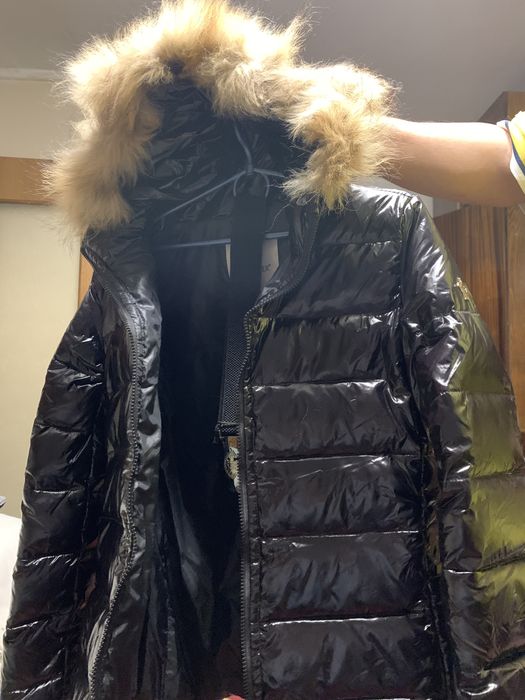 Жіночий пуховик Moncler короткий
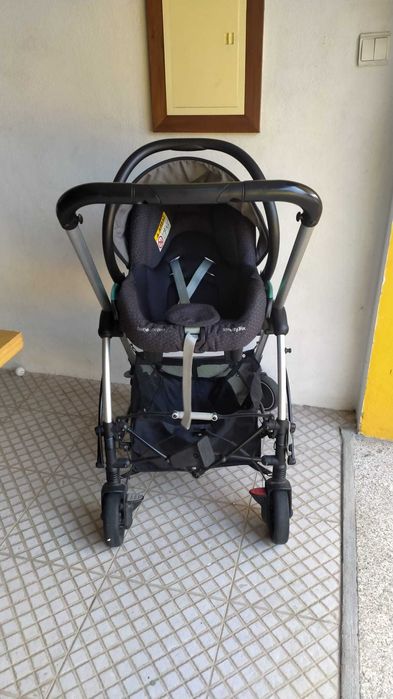 Carrinho de bebé completo, cadeira refeições e outros artigos de bebé.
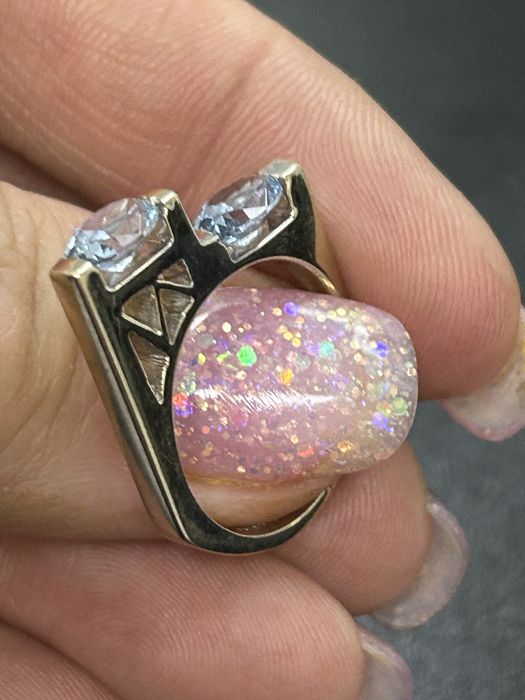 Кольцо белое золото 585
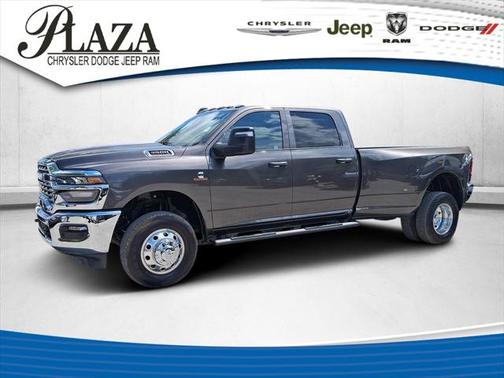 2025 RAM 3500 Tradesman Crew Cab 4x4 8' Box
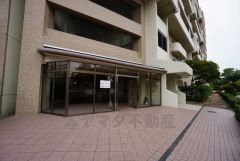 エントランスの外まで管理が行き届いた綺麗なマンションです。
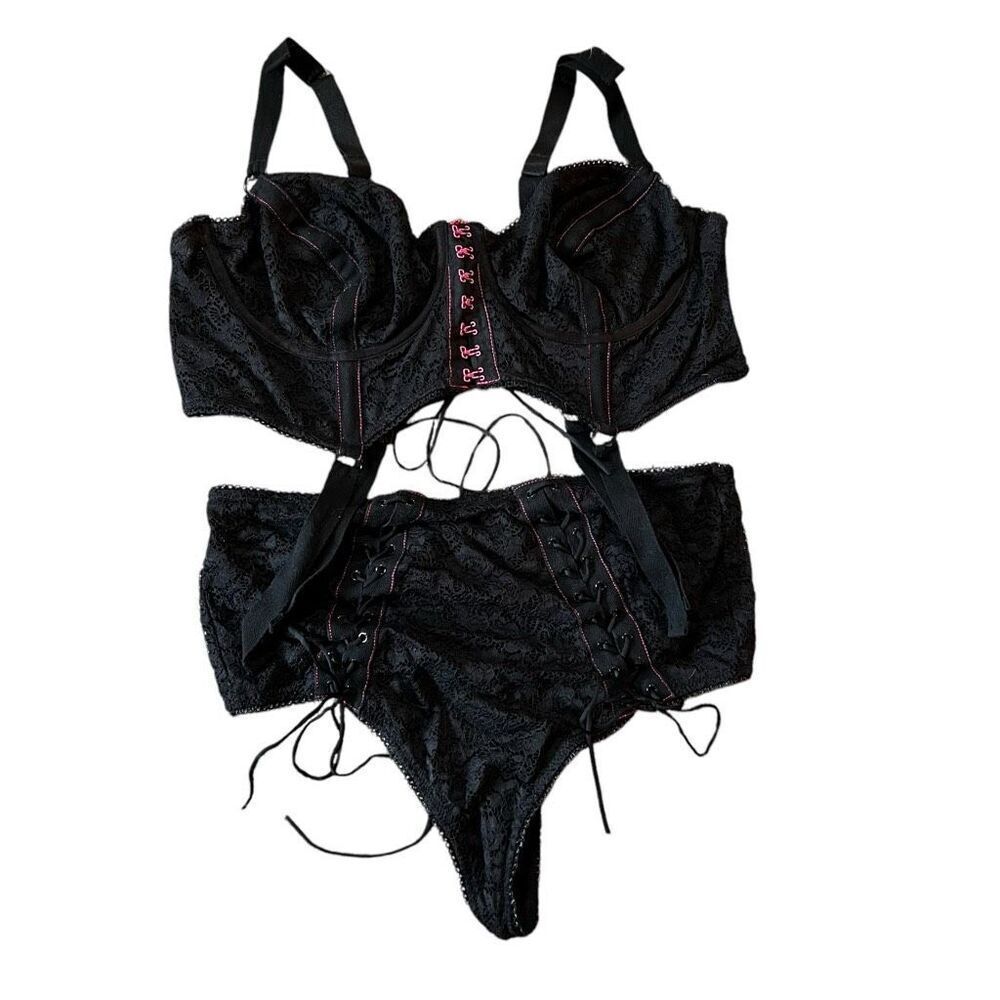 Torrid x Betsey Johnson Womens 2X Top 1X Bottoms Lace Corset High Waist Thong - Picture 2 of 9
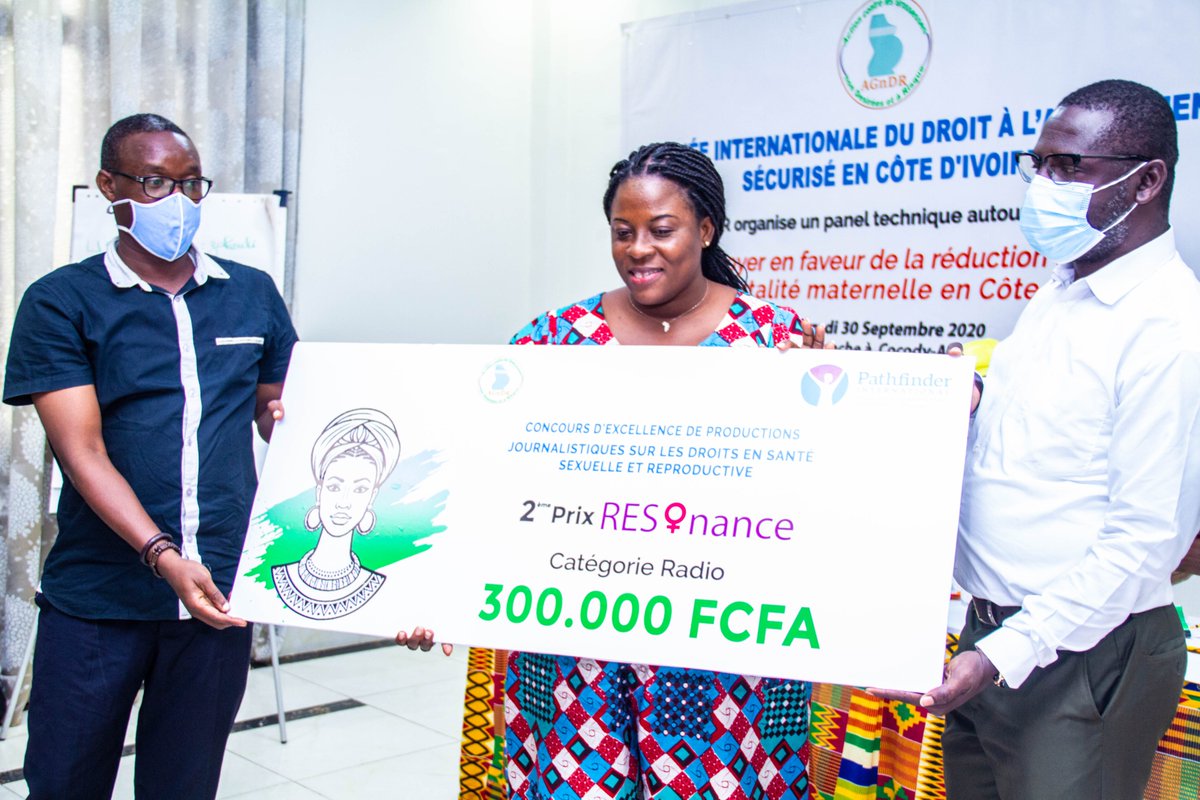 AGnDR1's tweet photo. Félicitations à LYDIE KOUADOU de @RadioCiv, lauréate du 2e Prix RESOnance, catégorie Radio, des meilleures productions journalistiques sur les #DSSR des femmes.
#CIVRESOnance #MapoutoProtocol #RESOnance #CIV225 #Safeabortion #28Sept #whyabortionwhynow #traversonslaligne https://t.co/a9D8jNkBqV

What is required: Above are records with pictures. Reproduce exactly only the lines from the line with "エントランスの外まで管理が行き届いた綺麗なマンションです。" through the line with "AGnDR1's tweet photo.", both ends included, and leave the pictures out.

Answer space:
 エントランスの外まで管理が行き届いた綺麗なマンションです。
 Torrid x Betsey Johnson Womens 2X Top 1X Bottoms Lace Corset High Waist Thong - Picture 2 of 9
 AGnDR1's tweet photo. Félicitations à LYDIE KOUADOU de @RadioCiv, lauréate du 2e Prix RESOnance, catégorie Radio, des meilleures productions journalistiques sur les #DSSR des femmes.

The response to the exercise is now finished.